Seeker is right. The school won't (shouldn't) treat him like that. The other children certainly won't. My AS son has done amazingly well at a very small state primary. At age 4 and two weeks he was so not ready for school. He did spend a lot of reception knocking down displays and he did bite two children (one of whose parents was horrible, one of whom was lovely). He learned to read by the end of reception but didn't write until end of yr 1. He needed a separate piece of carpet for assembly until yr 1 - he sometimes ran across the field in PE and didn't join in.
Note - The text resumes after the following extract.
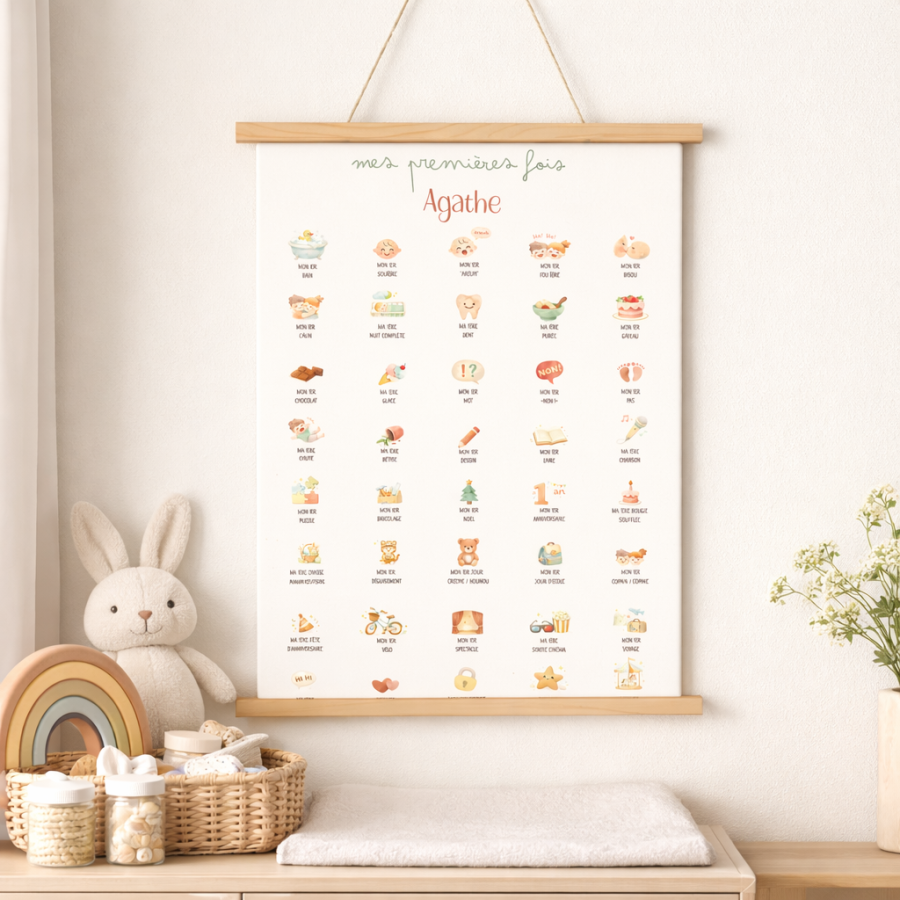 Affiche bébé personnalisée A3 – Mes 40 premières fois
He sometimes had a screen to help him not get distracted when working - until about yr 2/3.

School were great (I really think a small school helps - they all know him straightaway; they all understand his needs); the children and the parents were almost all great. If you have the Head on your side, it makes all the difference.

Ds has just finished year 6; got all 5s in his SATs, has been a prefect, has been away on a school residential, has got lots of friends, is really, really ready for secondary school (but he is going independent because we just couldn't see him being as happy and safe at the local comp as he has been at primary).

Go for it. Try it. Give school a chance but do your best to be on the same side as them. There may be issues but if you build as good a relationship with them as you can, it will be fine. Good luck.

Hawkmoon269 · 25/07/2012 14:07

But imaginary children don't GO to school do they?!